When small-town girl Orlie Breton moves from her native Ohio to the East Village, it’s culture shock enough; landing a job as a paramedic in Harlem puts her on sensory overload. Orlie’s brittle first-person narrative puts the reader right over her shoulder in the ambulance, with gruff but easygoing partner Rodale, a.k.a. Rodie. He warns her that none of his partners last, but the duo gets along okay (and shares an affinity for Kerouac), the only tension coming from Rodie’s ex-partner, Miss Montalvo, who resembles a staid schoolmarm but relates to Rodie as a lover. Book’s title dates back to the 16th century (Orlie provides sources) and refers to street people. In Orlie’s new world, the foremost of these are a ubiquitous poet known as the albino, whose provocative verses appear on walls all over the city with increasing frequency, and an expansive drunk called Blind Samuels. On the home front, Orlie’s roommate Kim prowls the nightclub scene with her boyfriend Weenie, trying to advance her rock-music career.
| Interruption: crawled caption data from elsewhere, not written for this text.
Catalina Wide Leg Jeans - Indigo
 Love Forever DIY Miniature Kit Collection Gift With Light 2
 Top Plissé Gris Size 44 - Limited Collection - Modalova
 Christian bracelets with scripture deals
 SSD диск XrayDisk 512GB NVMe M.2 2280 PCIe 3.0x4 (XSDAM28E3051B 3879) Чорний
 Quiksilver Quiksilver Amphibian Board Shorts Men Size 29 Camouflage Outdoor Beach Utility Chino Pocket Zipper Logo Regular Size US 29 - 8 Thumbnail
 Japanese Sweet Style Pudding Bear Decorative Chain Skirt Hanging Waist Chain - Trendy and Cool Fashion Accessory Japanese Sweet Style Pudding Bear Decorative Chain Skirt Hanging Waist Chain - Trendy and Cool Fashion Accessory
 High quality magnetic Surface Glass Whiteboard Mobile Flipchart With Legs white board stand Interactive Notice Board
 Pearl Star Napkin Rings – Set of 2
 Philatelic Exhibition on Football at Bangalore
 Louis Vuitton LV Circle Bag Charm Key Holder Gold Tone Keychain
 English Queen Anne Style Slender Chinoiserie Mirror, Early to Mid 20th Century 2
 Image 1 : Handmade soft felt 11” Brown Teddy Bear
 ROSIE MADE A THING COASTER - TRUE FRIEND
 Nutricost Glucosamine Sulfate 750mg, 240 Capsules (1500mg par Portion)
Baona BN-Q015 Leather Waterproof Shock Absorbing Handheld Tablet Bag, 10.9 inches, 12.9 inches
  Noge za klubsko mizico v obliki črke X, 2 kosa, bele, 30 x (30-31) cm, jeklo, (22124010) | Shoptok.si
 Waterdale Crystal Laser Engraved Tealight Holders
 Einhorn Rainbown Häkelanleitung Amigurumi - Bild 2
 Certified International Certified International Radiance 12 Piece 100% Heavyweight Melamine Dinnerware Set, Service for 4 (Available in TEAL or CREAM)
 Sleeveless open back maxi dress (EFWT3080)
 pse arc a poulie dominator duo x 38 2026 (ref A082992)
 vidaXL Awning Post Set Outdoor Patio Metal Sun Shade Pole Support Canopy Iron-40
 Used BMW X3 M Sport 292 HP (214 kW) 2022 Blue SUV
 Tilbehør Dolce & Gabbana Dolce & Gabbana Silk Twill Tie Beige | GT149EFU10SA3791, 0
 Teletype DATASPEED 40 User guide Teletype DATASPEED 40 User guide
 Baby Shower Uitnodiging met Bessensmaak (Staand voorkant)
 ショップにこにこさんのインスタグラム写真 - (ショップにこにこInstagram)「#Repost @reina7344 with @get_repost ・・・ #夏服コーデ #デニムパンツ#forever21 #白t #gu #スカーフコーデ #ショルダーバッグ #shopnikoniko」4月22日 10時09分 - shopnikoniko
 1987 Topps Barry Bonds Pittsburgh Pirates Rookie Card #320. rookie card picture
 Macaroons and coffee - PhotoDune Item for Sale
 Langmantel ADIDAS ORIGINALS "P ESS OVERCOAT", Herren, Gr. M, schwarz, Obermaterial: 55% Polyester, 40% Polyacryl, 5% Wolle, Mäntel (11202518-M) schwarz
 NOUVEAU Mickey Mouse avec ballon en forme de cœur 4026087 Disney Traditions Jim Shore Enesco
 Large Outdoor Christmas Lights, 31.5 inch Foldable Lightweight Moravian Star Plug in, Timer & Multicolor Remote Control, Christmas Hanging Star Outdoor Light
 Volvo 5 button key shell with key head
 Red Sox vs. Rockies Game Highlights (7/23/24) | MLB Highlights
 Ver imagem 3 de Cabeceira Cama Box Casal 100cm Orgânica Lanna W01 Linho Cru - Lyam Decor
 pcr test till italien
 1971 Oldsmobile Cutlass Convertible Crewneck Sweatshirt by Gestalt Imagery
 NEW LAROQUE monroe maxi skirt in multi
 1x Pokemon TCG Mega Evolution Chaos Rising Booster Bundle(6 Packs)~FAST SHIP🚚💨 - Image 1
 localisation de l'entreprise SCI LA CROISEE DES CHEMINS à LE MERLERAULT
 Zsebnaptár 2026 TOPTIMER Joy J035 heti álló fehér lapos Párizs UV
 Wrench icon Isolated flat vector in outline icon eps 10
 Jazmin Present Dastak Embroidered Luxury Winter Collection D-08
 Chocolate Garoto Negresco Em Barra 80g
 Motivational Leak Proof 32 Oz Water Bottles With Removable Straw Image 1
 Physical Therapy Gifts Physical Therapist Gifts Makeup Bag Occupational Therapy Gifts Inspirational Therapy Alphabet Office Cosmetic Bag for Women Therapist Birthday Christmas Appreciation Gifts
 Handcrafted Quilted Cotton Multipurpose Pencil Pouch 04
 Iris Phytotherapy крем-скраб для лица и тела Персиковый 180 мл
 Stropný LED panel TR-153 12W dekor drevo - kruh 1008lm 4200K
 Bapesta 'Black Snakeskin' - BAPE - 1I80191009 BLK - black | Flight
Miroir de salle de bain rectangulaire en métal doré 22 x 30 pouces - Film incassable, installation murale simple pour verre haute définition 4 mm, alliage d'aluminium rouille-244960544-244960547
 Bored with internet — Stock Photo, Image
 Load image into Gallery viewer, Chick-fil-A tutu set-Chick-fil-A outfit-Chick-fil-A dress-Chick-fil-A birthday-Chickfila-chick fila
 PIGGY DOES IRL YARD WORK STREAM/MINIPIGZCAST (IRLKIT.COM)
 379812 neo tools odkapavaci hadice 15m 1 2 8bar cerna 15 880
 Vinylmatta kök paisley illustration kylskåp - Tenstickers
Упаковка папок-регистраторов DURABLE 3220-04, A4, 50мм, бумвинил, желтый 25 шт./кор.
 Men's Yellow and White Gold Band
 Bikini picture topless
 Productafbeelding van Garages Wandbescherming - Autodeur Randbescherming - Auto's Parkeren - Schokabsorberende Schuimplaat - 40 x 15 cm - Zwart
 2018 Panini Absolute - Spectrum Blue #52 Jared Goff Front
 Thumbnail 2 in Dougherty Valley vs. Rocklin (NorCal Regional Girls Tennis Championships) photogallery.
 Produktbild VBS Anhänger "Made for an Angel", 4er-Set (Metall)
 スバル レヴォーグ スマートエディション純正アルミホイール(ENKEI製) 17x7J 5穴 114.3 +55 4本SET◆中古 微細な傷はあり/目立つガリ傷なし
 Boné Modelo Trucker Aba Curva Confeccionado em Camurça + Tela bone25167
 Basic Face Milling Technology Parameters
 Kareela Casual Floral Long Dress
Orlie does well enough in Harlem to be promoted to Midtown and morgue duty. Dealing with corpses is only marginally better than dealing with the injured (a call to the subway tracks leads to a man cut in half but alive). At least her new partner, Jones, is more amiable than Rodie, who happens to be his cousin. Orlie earns a nickname—Little Bit—and through a strange series of events is reunited with high-school acquaintance Charlene, then a loser, now “adult” star Melissa Mounds. Orlie’s one brush with fame, via a heroic act, endangers the albino and adds suspense to the finale.

Dubris (Weep Not, My Wanton, 2002, etc.), who spent 20 years as a 911 medic, serves up a heap of those proverbial eight million stories with smoky nostalgia for pre-sanitized Manhattan.